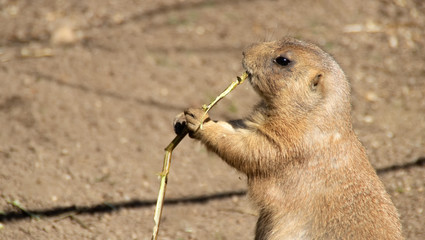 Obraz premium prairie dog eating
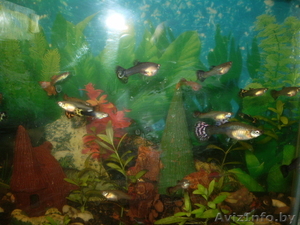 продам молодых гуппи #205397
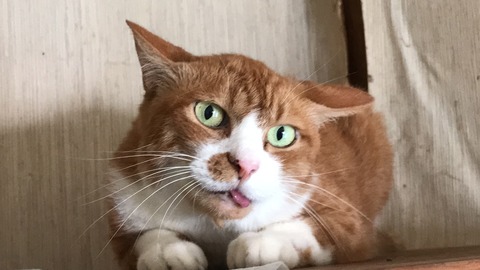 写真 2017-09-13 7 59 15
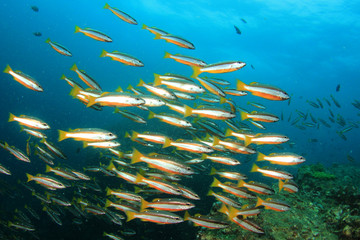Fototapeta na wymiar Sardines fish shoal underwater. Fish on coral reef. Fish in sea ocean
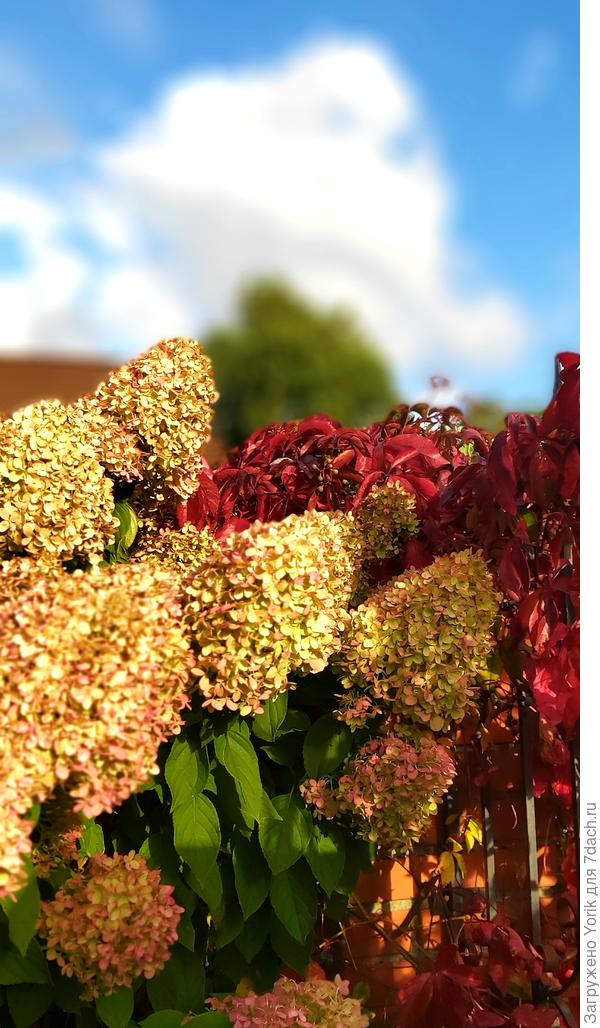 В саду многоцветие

*-*-*

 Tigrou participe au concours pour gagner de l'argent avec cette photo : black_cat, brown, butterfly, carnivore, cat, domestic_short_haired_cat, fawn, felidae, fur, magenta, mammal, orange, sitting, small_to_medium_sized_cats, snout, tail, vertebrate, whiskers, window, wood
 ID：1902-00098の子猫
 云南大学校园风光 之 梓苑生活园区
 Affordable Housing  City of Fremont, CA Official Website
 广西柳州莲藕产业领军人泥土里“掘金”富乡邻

*-*-*

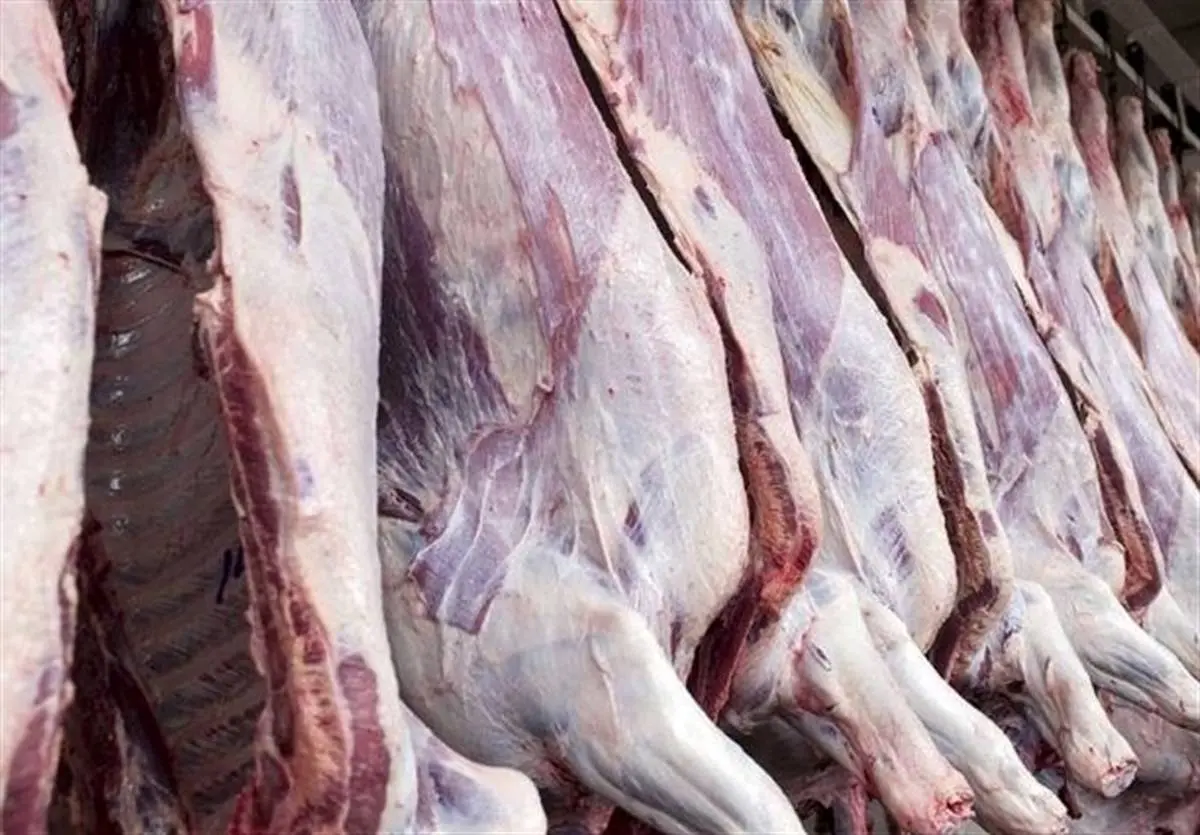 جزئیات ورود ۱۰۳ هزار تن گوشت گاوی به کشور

*-*-*

→ TASK STATEMENT: In the records above, find the line with "写真 2017-09-13 7 59 15" and the line with "В саду многоцветие", then restate word for word only those two lines and all lines between, omitting pictures.

→ EXERCISE RESPONSE:
 写真 2017-09-13 7 59 15
Fototapeta na wymiar Sardines fish shoal underwater. Fish on coral reef. Fish in sea ocean
 В саду многоцветие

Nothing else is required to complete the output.